Così, quella domanda, scritta in grassetto sul volantino con le
date degli incontri, mi incuriosì: "Quali le responsabilità del
sapere universitario verso l'uomo?". Mi decisi: avrei partecipato
ad un incontro, trovando un posto tra tutti i miei impegni. Scappo
un'ora prima dal Politecnico e mi dirigo verso il centro di Torino.
L'argomento della giornata è "L'uomo e la comunicazione" ossia l'etica
della formazione e dell'informazione. Trovo il palazzo, suono e
mi aprono subito. Entrando sto per chiedere al portinaio il piano
dove devo salire, ma lo zaino sulle spalle tradisce la mia identità
e prima di riuscire a parlare mi viene risposto: "Pastorale universitaria?

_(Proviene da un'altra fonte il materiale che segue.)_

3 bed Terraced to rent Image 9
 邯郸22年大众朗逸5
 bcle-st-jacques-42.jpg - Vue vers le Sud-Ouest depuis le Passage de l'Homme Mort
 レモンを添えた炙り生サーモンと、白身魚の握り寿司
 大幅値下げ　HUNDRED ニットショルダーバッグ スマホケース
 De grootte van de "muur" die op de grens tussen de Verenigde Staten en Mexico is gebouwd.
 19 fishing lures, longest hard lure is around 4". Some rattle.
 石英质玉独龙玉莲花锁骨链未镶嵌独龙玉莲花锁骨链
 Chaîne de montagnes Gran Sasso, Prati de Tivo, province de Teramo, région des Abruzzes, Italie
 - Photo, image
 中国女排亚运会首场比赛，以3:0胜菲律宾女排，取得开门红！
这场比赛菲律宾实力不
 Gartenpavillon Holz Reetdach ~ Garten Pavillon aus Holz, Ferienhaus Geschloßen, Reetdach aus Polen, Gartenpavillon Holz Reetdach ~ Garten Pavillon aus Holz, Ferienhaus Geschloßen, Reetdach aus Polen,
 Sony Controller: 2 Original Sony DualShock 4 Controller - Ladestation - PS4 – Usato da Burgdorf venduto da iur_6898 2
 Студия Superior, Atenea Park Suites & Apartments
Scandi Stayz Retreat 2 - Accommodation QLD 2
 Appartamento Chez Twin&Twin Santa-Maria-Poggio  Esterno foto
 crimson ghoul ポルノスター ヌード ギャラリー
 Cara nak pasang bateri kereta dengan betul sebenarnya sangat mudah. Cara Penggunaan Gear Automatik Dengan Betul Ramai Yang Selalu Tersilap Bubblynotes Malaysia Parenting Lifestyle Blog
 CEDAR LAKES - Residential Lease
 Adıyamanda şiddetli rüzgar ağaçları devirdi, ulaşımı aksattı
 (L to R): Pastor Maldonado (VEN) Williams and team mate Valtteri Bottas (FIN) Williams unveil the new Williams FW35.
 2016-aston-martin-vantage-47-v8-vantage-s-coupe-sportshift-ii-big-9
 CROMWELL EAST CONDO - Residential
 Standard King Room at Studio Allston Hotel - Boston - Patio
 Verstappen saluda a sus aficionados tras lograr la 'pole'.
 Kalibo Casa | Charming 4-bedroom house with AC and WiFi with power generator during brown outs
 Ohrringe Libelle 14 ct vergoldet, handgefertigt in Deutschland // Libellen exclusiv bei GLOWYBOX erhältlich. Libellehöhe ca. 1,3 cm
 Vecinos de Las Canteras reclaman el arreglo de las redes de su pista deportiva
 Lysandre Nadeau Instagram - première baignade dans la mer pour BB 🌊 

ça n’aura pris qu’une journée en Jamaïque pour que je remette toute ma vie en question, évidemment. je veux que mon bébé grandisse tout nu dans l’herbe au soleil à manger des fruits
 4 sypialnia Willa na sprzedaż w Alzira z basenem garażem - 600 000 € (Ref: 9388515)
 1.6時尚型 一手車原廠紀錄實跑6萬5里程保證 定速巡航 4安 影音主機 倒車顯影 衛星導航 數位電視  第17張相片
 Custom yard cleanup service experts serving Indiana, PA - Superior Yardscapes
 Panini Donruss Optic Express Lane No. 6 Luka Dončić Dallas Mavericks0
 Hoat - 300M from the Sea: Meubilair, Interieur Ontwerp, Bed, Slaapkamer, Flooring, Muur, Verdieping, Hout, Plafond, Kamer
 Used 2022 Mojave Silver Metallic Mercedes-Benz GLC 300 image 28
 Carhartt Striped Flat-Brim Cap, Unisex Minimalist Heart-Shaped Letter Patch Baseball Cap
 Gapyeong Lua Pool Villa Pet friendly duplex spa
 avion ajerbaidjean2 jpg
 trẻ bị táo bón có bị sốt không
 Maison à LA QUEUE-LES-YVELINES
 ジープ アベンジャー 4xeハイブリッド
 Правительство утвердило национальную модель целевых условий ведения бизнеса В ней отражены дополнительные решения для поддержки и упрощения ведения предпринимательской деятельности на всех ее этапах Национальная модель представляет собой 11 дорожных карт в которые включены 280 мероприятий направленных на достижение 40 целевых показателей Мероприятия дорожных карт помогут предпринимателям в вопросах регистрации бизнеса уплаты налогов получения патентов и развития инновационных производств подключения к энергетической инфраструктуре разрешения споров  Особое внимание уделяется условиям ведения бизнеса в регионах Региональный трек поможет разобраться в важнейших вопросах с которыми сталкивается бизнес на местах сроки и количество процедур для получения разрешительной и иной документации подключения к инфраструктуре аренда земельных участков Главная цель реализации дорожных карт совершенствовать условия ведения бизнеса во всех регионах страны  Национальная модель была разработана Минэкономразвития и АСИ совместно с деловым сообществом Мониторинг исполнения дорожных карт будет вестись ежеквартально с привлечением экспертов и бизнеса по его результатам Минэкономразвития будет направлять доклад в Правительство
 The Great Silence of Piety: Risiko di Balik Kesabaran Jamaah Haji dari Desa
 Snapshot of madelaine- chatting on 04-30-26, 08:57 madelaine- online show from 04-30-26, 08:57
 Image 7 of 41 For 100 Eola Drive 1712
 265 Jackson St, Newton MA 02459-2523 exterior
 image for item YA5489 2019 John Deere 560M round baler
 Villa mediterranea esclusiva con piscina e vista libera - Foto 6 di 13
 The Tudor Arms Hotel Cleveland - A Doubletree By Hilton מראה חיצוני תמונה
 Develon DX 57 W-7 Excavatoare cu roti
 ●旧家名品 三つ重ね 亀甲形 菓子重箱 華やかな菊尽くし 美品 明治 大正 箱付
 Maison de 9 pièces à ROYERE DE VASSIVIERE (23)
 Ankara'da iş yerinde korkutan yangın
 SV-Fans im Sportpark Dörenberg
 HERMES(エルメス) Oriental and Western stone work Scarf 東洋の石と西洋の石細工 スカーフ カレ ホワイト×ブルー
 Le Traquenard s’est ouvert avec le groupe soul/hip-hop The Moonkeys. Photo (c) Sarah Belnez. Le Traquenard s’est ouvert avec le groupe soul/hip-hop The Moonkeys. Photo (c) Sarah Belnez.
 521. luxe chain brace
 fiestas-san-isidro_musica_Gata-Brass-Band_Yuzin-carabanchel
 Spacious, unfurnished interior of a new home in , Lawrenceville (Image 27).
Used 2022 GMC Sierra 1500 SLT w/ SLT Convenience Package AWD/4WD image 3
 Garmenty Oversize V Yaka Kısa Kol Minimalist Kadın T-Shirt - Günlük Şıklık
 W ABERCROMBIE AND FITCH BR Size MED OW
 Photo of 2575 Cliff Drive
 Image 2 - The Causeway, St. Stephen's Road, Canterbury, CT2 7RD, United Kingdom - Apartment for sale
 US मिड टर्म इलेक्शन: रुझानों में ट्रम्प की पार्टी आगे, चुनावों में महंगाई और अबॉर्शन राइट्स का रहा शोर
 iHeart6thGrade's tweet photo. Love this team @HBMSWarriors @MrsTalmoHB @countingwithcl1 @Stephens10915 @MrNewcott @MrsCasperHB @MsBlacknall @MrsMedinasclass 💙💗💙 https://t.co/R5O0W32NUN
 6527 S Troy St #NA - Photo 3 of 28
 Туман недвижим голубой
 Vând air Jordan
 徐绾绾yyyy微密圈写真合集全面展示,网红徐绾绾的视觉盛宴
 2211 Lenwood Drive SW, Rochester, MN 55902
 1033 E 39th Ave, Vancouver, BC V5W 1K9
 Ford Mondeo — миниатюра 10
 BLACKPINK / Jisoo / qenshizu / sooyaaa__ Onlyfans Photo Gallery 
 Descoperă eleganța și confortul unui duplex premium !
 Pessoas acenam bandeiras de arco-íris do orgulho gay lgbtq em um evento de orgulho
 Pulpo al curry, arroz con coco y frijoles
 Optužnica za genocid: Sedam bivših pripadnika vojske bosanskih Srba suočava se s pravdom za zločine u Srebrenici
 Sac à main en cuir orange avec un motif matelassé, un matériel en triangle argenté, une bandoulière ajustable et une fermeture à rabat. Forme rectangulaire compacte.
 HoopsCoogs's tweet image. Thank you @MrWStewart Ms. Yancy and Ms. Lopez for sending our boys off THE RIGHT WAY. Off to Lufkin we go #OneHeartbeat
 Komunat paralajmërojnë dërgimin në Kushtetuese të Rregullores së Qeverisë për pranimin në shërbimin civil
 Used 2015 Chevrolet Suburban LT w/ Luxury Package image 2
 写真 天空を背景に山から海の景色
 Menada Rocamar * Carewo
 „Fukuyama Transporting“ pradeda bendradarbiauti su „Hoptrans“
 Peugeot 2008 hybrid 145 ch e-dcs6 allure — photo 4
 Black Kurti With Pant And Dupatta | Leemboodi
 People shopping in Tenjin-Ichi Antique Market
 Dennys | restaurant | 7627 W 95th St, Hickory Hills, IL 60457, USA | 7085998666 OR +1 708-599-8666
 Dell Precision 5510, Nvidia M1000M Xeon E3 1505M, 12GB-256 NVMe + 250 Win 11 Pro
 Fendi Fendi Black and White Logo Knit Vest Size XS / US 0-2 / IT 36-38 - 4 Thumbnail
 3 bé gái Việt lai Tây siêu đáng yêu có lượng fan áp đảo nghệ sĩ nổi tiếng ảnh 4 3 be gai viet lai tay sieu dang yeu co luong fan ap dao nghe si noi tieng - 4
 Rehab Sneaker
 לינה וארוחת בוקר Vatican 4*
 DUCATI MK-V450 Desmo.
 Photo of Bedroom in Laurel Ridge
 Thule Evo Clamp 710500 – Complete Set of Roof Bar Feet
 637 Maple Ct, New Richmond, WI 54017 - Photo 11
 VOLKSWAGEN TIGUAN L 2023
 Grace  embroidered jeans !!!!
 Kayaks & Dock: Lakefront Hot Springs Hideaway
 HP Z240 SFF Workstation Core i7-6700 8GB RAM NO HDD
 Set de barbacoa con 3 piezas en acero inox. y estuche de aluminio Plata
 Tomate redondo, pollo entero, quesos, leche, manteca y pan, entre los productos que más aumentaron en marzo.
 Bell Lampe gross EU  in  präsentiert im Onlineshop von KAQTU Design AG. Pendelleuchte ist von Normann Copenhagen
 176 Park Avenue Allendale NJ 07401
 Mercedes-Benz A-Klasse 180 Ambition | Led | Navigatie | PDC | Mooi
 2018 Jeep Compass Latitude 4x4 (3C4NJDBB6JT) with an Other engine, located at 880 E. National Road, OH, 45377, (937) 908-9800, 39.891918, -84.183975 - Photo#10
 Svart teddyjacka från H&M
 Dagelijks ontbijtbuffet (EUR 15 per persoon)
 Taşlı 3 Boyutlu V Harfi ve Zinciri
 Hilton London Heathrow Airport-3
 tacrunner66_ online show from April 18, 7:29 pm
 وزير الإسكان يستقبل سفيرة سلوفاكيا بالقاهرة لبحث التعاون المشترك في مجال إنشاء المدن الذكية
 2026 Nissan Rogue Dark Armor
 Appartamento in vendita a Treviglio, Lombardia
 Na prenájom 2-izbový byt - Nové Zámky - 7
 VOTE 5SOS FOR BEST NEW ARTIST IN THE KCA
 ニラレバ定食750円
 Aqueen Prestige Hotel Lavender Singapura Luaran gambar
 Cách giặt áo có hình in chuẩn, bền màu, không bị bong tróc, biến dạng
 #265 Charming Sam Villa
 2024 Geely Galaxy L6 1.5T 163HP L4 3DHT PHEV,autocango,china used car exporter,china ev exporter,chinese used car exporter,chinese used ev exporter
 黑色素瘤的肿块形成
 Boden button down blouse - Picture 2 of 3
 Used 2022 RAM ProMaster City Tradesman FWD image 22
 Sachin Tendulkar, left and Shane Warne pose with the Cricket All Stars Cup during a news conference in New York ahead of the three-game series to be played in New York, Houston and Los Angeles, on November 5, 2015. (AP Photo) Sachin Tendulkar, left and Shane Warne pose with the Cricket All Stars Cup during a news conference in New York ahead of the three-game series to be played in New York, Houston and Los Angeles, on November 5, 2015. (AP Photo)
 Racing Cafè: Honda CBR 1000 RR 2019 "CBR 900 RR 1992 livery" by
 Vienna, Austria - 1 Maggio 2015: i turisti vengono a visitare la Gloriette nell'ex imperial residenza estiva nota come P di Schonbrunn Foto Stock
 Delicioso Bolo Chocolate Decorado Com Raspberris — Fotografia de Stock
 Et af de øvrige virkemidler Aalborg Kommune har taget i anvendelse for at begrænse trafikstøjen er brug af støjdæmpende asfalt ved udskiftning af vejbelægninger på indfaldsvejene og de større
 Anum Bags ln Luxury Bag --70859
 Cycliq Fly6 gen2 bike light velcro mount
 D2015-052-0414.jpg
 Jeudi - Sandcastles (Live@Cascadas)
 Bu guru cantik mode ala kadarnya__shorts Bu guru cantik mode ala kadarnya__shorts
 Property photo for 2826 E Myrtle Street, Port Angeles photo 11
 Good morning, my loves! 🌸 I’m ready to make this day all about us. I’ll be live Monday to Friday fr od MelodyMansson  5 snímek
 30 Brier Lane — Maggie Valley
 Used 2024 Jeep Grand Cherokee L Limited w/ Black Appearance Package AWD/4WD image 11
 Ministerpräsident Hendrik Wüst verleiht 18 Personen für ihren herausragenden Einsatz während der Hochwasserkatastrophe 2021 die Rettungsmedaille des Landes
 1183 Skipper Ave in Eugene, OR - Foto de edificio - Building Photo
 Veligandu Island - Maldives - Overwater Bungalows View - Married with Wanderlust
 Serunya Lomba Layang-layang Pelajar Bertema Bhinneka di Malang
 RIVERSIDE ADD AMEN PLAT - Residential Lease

Terzo piano". Entro, saluto la signora che mi ha aperto; alla mia
destra c'è un lungo tavolo che riempie l'entrata. Ci sono cestini
di caramelle e dolcini, poi una serie di fogli pubblicazioni, libri,
anche i riassunti degli incontri precedenti. Uno sembra particolarmente
interessante: "L'uomo ed il sapere" ossia l'etica delle logiche.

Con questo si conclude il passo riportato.